WHAT IS BEING ASKED -> Take the data from its first line. Print each line exactly until the line containing "Akhir Kutukan? Persebaya" has been printed too.

MATERIAL FOR THIS TASK ->
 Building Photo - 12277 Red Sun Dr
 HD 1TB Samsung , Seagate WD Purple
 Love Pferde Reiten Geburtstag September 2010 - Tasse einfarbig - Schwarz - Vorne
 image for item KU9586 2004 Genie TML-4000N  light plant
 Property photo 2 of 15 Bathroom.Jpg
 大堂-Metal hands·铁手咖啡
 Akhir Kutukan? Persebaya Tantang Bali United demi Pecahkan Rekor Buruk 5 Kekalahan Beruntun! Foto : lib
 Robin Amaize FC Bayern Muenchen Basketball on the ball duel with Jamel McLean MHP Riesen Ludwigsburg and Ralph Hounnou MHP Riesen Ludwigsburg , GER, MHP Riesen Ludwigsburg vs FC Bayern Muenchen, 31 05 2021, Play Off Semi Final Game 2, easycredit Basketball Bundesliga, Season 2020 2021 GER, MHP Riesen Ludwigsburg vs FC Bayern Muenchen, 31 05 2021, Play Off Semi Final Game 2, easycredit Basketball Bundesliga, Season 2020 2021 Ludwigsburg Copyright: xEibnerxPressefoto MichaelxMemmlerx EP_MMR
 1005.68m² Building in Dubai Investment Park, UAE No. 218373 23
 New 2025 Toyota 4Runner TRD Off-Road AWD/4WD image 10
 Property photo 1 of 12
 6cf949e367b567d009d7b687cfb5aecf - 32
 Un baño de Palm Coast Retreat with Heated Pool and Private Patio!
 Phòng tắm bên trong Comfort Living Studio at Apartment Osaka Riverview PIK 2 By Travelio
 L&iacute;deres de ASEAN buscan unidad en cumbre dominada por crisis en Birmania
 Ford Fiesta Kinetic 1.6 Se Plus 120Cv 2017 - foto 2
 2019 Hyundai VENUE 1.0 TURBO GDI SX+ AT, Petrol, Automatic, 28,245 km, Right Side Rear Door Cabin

TASK SOLUTION ->
 Building Photo - 12277 Red Sun Dr
 HD 1TB Samsung , Seagate WD Purple
 Love Pferde Reiten Geburtstag September 2010 - Tasse einfarbig - Schwarz - Vorne
 image for item KU9586 2004 Genie TML-4000N  light plant
 Property photo 2 of 15 Bathroom.Jpg
 大堂-Metal hands·铁手咖啡
 Akhir Kutukan? Persebaya Tantang Bali United demi Pecahkan Rekor Buruk 5 Kekalahan Beruntun! Foto : lib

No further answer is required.